## THE INPUT
━━━━━━━━━━━━━━━━━━━━━━━━━━━━━━
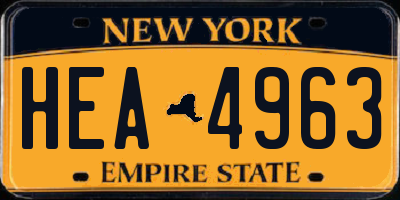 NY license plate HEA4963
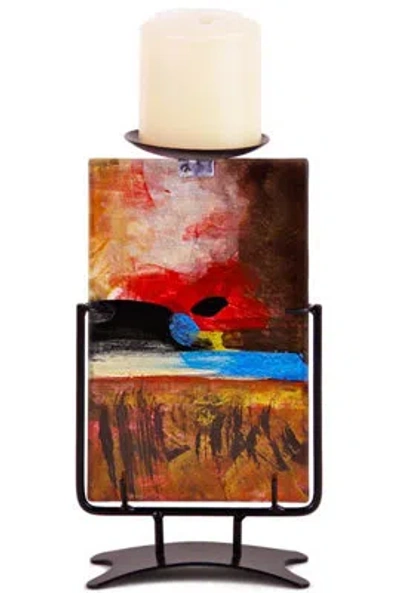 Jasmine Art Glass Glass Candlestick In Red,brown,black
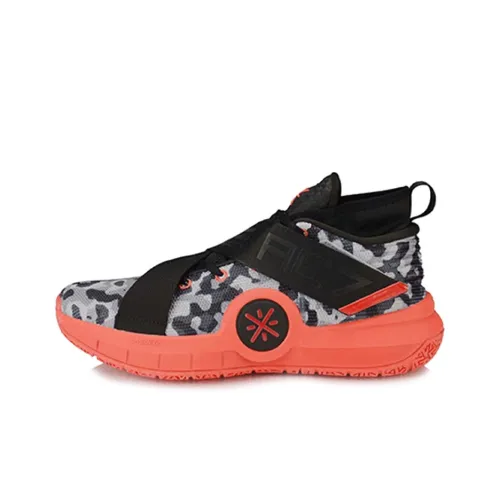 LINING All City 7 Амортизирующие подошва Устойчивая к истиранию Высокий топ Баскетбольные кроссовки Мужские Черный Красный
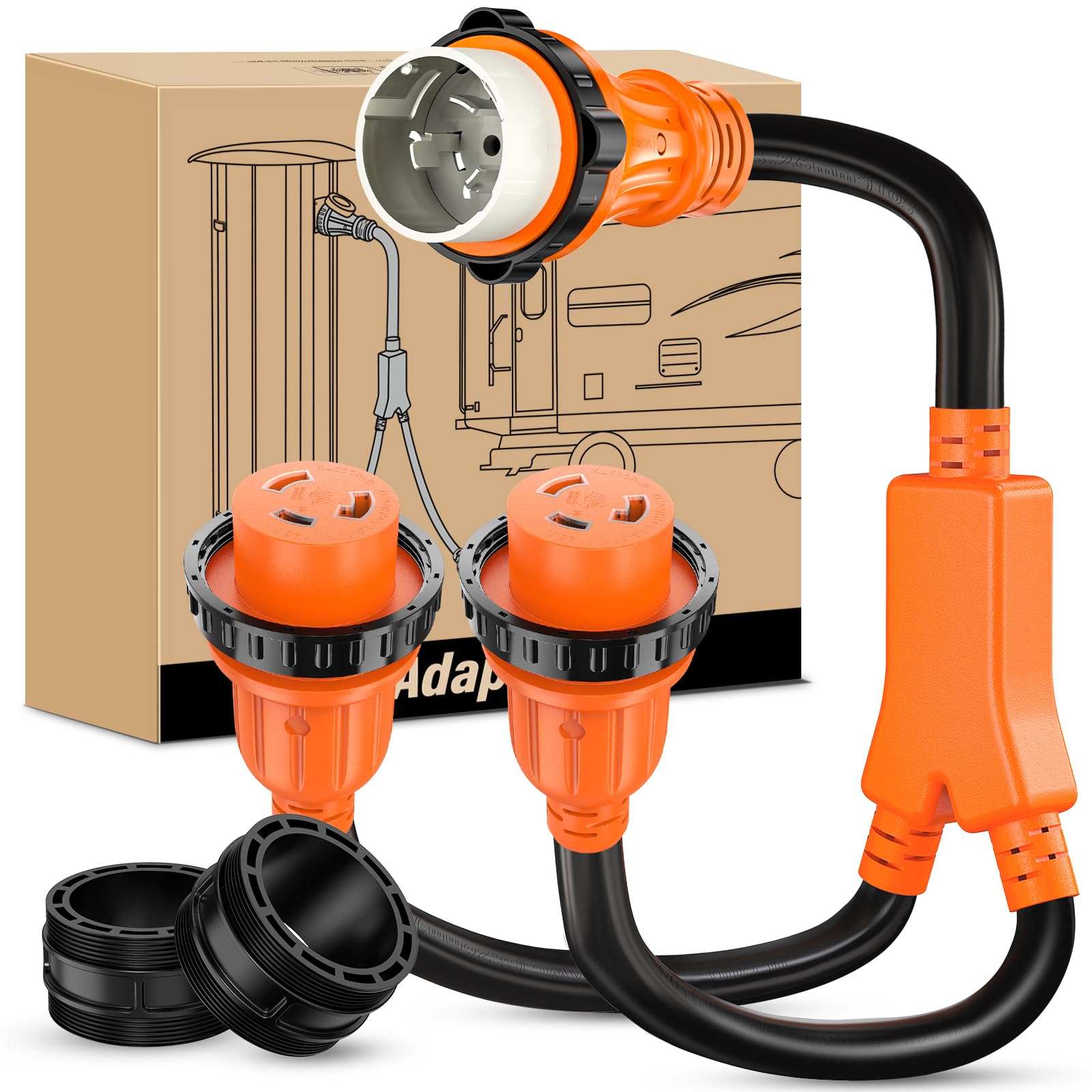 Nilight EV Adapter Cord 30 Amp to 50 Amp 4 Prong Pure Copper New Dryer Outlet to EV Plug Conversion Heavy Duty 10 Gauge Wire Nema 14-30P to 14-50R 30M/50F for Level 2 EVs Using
━━━━━━━━━━━━━━━━━━━━━━━━━━━━━━
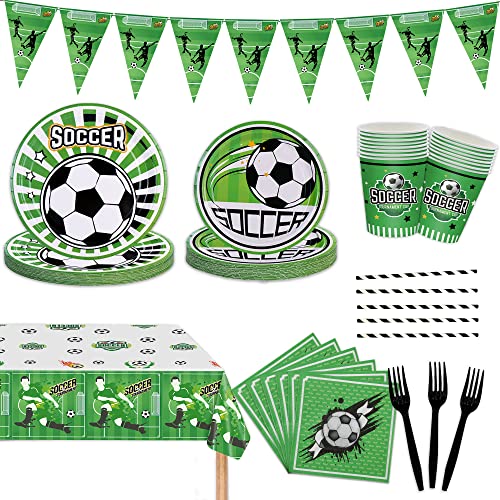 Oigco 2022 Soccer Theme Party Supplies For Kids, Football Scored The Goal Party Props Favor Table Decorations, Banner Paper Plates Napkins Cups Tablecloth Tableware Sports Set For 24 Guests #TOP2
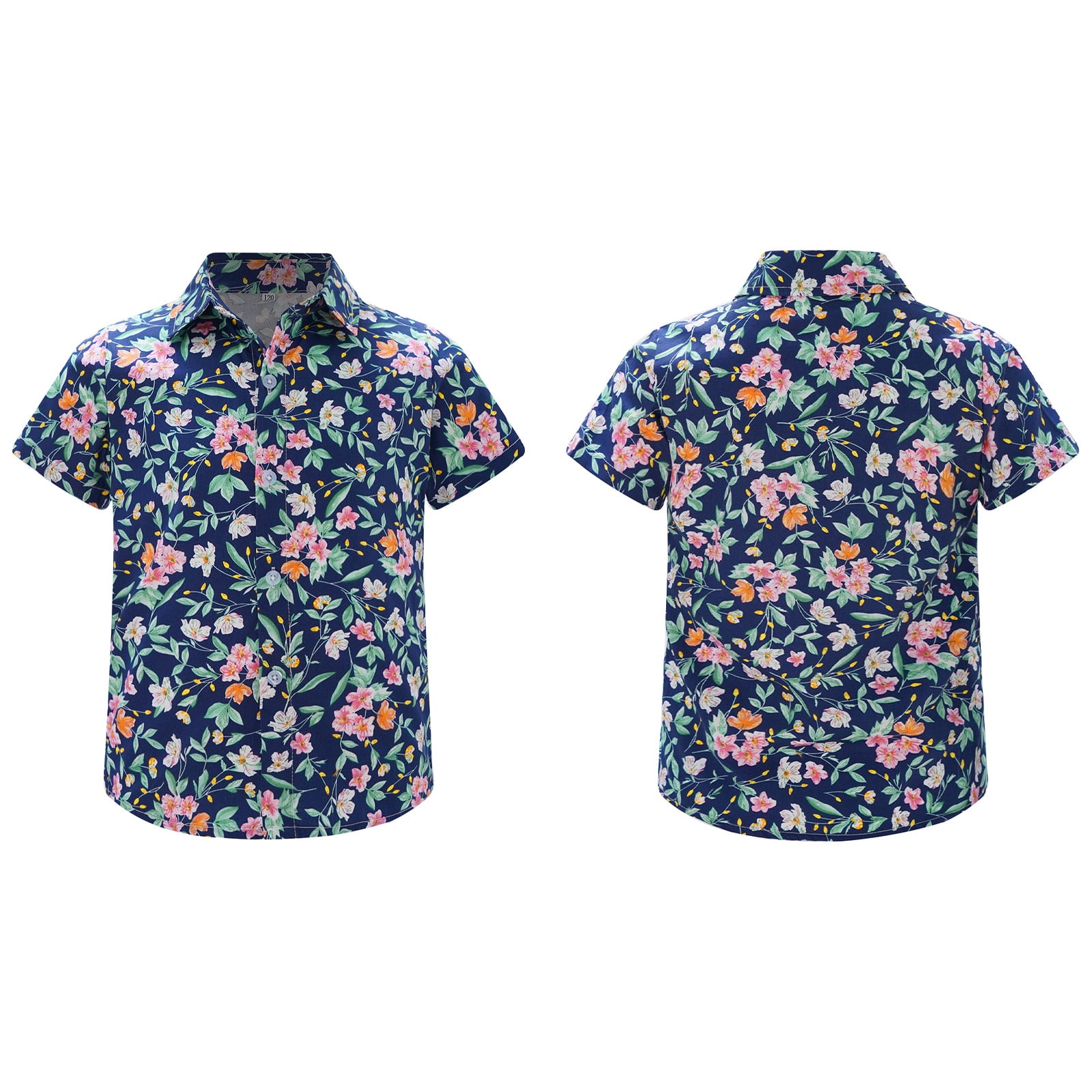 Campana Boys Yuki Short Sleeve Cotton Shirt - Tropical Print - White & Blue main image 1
━━━━━━━━━━━━━━━━━━━━━━━━━━━━━━
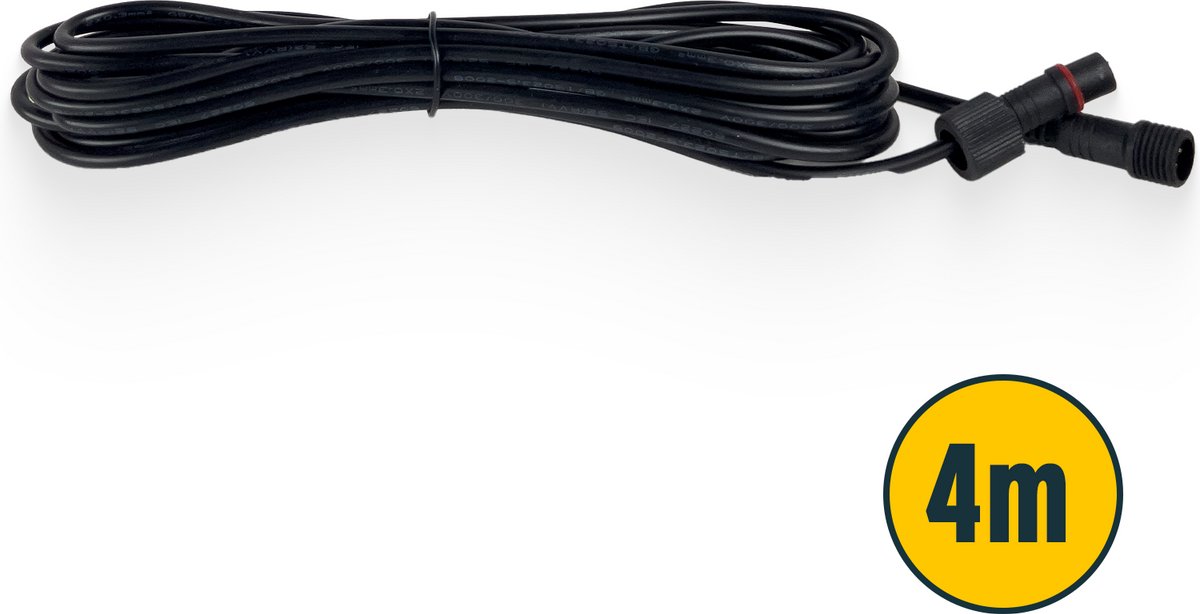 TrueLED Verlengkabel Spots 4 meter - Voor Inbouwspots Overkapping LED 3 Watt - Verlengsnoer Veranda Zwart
━━━━━━━━━━━━━━━━━━━━━━━━━━━━━━
## EXERCISE DIRECTIONS
Taking the entries above, copy word for word the lines from the one with "LINING All City" up to and including the one with "Nilight EV Adapter", without any picture.

## WRITTEN RESPONSE
 LINING All City 7 Амортизирующие подошва Устойчивая к истиранию Высокий топ Баскетбольные кроссовки Мужские Черный Красный
 Nilight EV Adapter Cord 30 Amp to 50 Amp 4 Prong Pure Copper New Dryer Outlet to EV Plug Conversion Heavy Duty 10 Gauge Wire Nema 14-30P to 14-50R 30M/50F for Level 2 EVs Using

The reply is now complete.